一級建築士合格戦略 法規のウラ指導


はじめに

 本書の前身である『一級建築士受験 法規のウラ指導』は,2005?2015年の10年間,出版されました.その間,実際に一級建築士試験の法規科目の点数が稼げる本として,数多くの合格者を輩出してきました.しかしながら,毎年の法改正に対応させるなど,執筆・編集の業務負担はあまりに大きく,2015年度版をもって出版を断念することになりました.ところが,口コミによって本書の評判は広まり続け,2015年版については過剰なプレミアがつき,また出版社にも再販を望む声が数多く寄せられたこともあり,2018年にリニューアルした形で出版する運びとなりました.
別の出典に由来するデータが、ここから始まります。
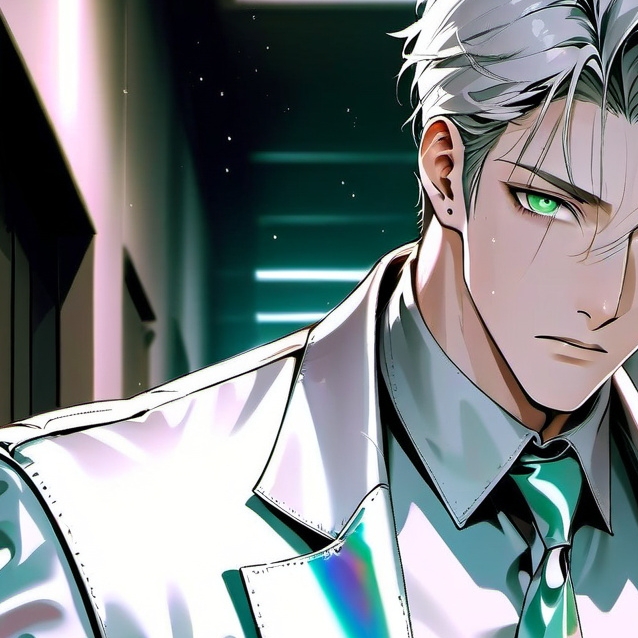chat with ai character: Leocadius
 本書で勉強することによって,本番で点数を稼げるようになる理由は2つあります.
 1つは,建築法規について体系的に理解できるようになること.そのために,法令同士の比較や併読がしやすいように工夫した構成・解説となっています.もう一つは,出題者が求めているモノを的確に読み取れる能力が身につくこと.本書で勉強する際には,解説を丸暗記するのではなく,問題作成者がどのような意図で,その問題を出題しているのかを丁寧にくみ取るようにしてください.
 上記の2点を意識しながら本書で勉強していただければ,試験本番で法令集を開く時間を少なくでき(=時間の短縮),かつ,得点力を劇的に高めることができます.
 一方,「遠回りな方法だ」「丸暗記の方が近道だ」と考える方もいるかもしれません.しかし,最近の学科本試験問題を見ると,問題作成者が明らかに「詰込み丸暗記型」の受験生を振るい落とそうとする意図が読み取れます.この傾向は,学科試験だけでなく,製図試験においても強まっています.過去問がそのままの形で出題される小テストや模擬試験と異なり,本番では「詰込み丸暗記型」の勉強法では点数を伸ばせません.どれほどインプット量を増やそうとも,身に着けた知識を的確に引き出せるアウトプット力がなければ点数を稼げないからです.試験元はその能力を受験生に求めています.事実,猛勉強したのにあと一歩のところで合格点に届かない不合格者が非常に増えています(=アウトプット力不足が敗因).
 学科試験全般について言えることですが,過去問は最低限20年分はマスターする.ただし,知識を丸暗記するのではなく,知識どうしの関連性や繋がりを常に意識しながら体系的な理解を目指す.その上で,問題作成者の出題意図を丁寧にくみ取る訓練を重ねていく.
 これらを効率的に実践できる点に本書の価値があります.
 本書を通じ,本番で点数を稼げる快感を一人でも多くの受験生に体感していただき,合格への道標のひとつとなれば幸いです.